- **Task statement**: Set down exactly, and only, the lines from the one with "Alu AUDI 5x112" to the final line of the entries, both included.

# # # # #

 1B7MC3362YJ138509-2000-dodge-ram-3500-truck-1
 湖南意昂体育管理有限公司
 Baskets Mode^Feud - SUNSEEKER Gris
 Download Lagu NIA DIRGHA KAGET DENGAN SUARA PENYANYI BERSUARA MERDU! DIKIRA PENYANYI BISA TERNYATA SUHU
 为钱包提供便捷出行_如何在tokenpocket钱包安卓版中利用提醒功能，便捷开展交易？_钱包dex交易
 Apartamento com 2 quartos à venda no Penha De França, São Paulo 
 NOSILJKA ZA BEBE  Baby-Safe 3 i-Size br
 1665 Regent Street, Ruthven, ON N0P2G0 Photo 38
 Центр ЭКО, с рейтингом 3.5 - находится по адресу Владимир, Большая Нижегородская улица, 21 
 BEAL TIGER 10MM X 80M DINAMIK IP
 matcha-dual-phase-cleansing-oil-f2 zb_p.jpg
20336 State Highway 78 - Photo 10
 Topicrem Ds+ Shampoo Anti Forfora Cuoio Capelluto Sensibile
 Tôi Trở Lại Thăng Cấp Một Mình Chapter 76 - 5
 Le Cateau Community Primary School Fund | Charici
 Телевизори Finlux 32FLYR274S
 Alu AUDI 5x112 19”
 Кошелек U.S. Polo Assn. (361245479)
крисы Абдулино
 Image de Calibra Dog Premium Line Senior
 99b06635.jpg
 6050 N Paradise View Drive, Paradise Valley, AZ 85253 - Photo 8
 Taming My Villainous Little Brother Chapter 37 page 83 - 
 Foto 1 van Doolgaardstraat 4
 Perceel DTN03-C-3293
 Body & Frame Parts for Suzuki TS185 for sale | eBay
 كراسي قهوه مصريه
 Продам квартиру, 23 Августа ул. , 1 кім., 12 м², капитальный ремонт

# # # # #

- **Your response**:
 Alu AUDI 5x112 19”
 Кошелек U.S. Polo Assn. (361245479)
крисы Абдулино
 Image de Calibra Dog Premium Line Senior
 99b06635.jpg
 6050 N Paradise View Drive, Paradise Valley, AZ 85253 - Photo 8
 Taming My Villainous Little Brother Chapter 37 page 83 - 
 Foto 1 van Doolgaardstraat 4
 Perceel DTN03-C-3293
 Body & Frame Parts for Suzuki TS185 for sale | eBay
 كراسي قهوه مصريه
 Продам квартиру, 23 Августа ул. , 1 кім., 12 м², капитальный ремонт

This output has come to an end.